CasaPound e la campagna “Invertire la rotta”
Secondo il PD casalese, CasaPound, i cui esponenti di autodefiniscono “fascisti del III millennio”, non è nuova a campagne basate su discriminazione e odio. La loro iniziativa “Invertire la rotta”, lanciata anche a Casale, promuove politiche di espulsione e rimpatrio dei figli di immigrati, una proposta che il PD locale definisce “gretta e autolesionista”.
Il calo demografico e il ruolo degli immigrati
Il Pd evidenzia come il calo demografico sia una delle principali sfide per l’Italia.

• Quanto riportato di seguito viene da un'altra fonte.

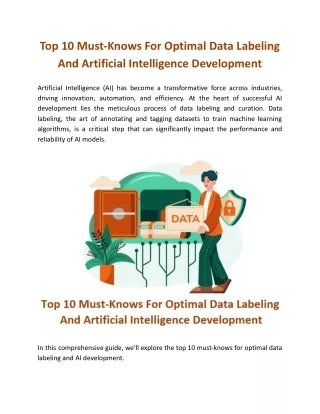 Top 10 Must-Knows For Optimal Data Labeling And Artificial Intelligence Development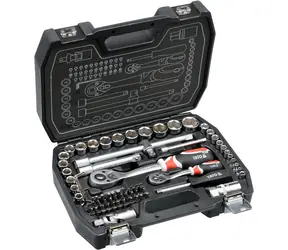 YATO YT-38782 Sada nástrčných klíčů s ráčnou 1|4" | 1|2" / Bity | Gola | Inbus / 72 ks
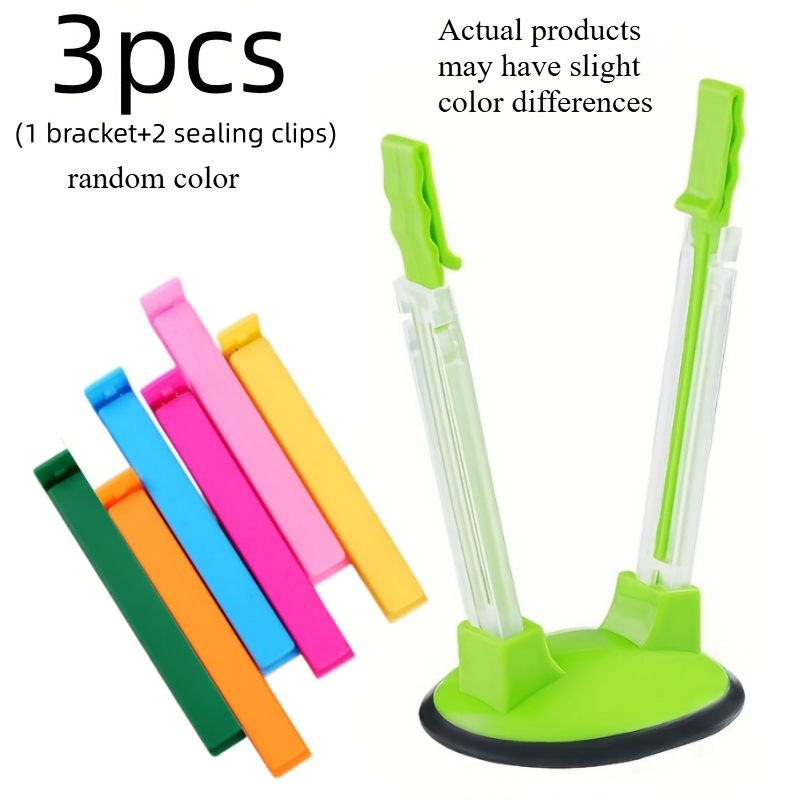 TEMU 3pcs Adjustable Food Bag Support Bracket (1 Bracket+2 Sealing Clips) With Dual Arm Extension And To Various Bag Types, Anti Slip Base Stable And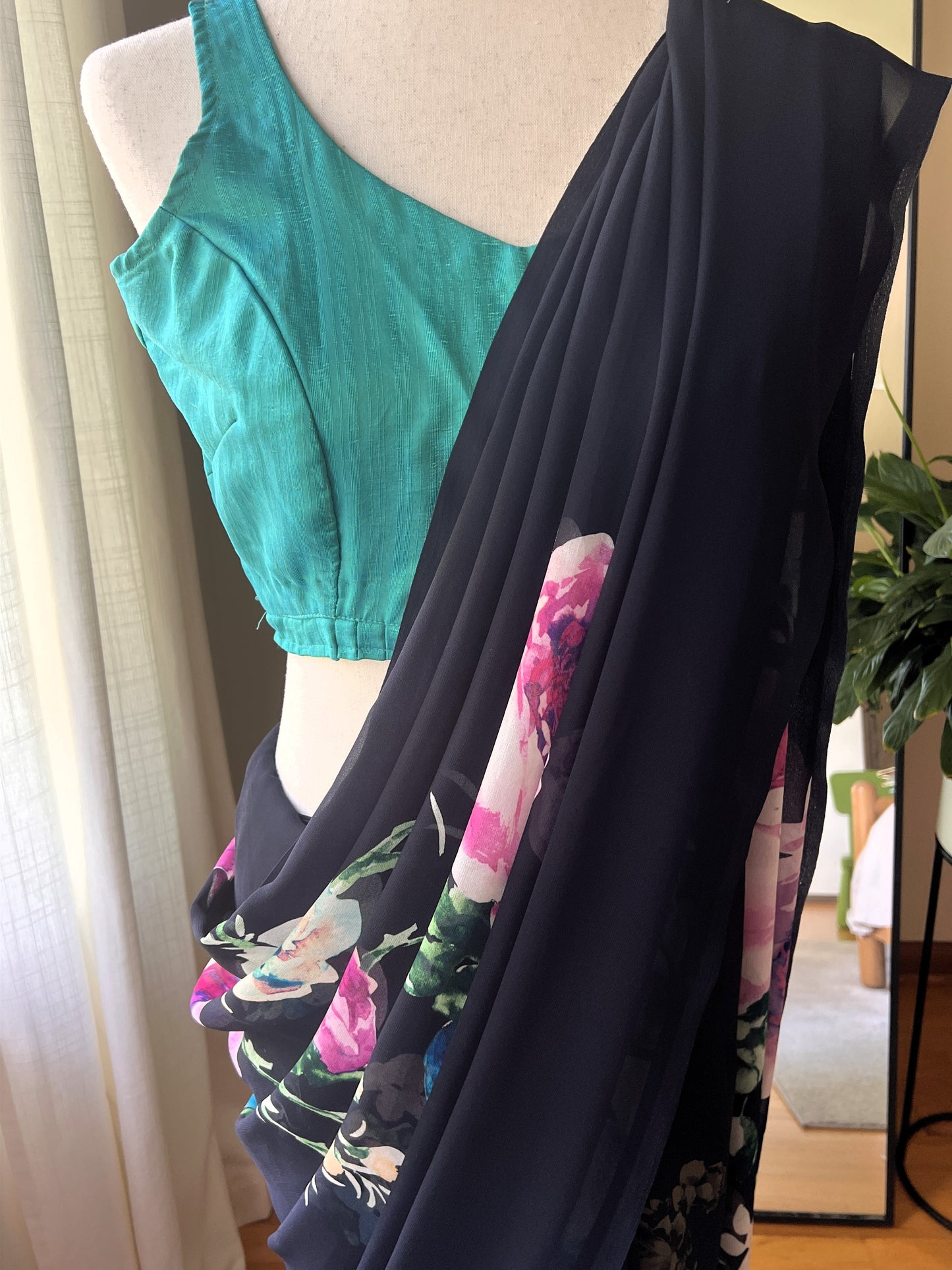 Black Floral Georgette Saree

Secondo la Fondazione Nord Est, entro il 2040 il Nord Italia perderà 2,4 milioni di lavoratori, un vuoto che non potrà essere colmato solo con un aumento dell’occupazione femminile o il prolungamento dell’età lavorativa.
“Senza immigrati si fermerebbero interi settori produttivi, dall’edilizia all’agricoltura, fino all’assistenza agli anziani”, sottolineano Mirella Ruo ed Enrico Bruschi, firmatari del documento.

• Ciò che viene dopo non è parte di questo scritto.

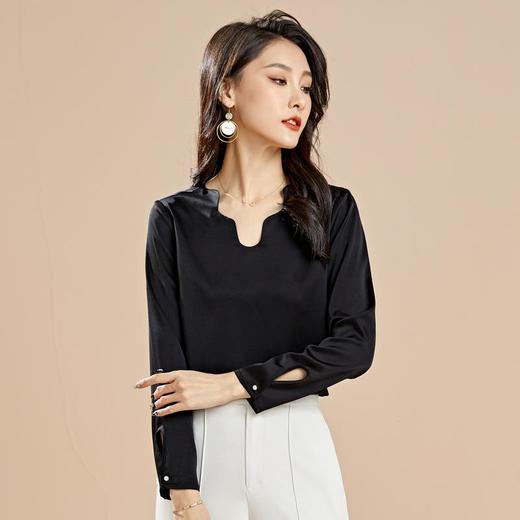 百姿基础款衬衣女装2022秋季新款纯色套头上衣通勤都市风长袖衬衫 商品图0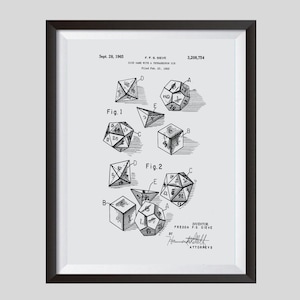 RPG Dice Set, Patent Print Poster, Dungeons and Dragons Downloadable Prints, Role Playing Die Set, Geeky Gift, Nerd Art, 20 Sided Dice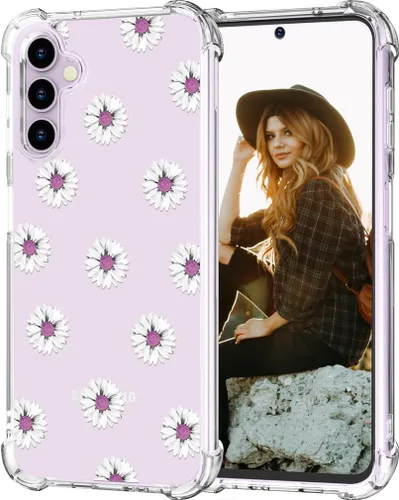 Miniatura 72 de Hungo Funda compatible con Samsung Galaxy S23 con diseño floral y bonito diseño transparente, femenino para mujeres y niñas, con hermoso clavel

Per affrontare il fenomeno dell’immigrazione irregolare, il PD propone percorsi di ingresso legali e numeri di permessi di soggiorno adeguati alle necessità del mercato del lavoro, evitando così “proposte irrealistiche come la ‘reimmigrazione’ di Casa Pound”.
Dal clima d’odio al referendum sulla cittadinanza
Il Partito Democratico denuncia inoltre le politiche della destra populista, che con misure come i decreti sicurezza e i blocchi navali, hanno contribuito a “alimentare paure e divisioni, distogliendo l’attenzione dal vero problema: l’aumento delle disuguaglianze”.
In risposta, il PD casalese rilancia con il sostegno alla campagna per il “Referendum sulla cittadinanza”, che mira a ridurre da 10 a 5 anni il tempo necessario per ottenere la cittadinanza per i residenti stranieri e garantire il riconoscimento automatico ai loro figli minori.
“Questa modifica consentirebbe a 900.000 minori, di cui oltre il 60% nati in Italia, di essere finalmente riconosciuti come cittadini italiani”, affermano i promotori.
“Promuovere diritti e opportunità non è solo una questione di giustizia, ma anche un investimento per la crescita del Paese”, sottolineano Ruo e Bruschi, invitando i cittadini a sostenere il referendum per un’Italia più equa e inclusiva.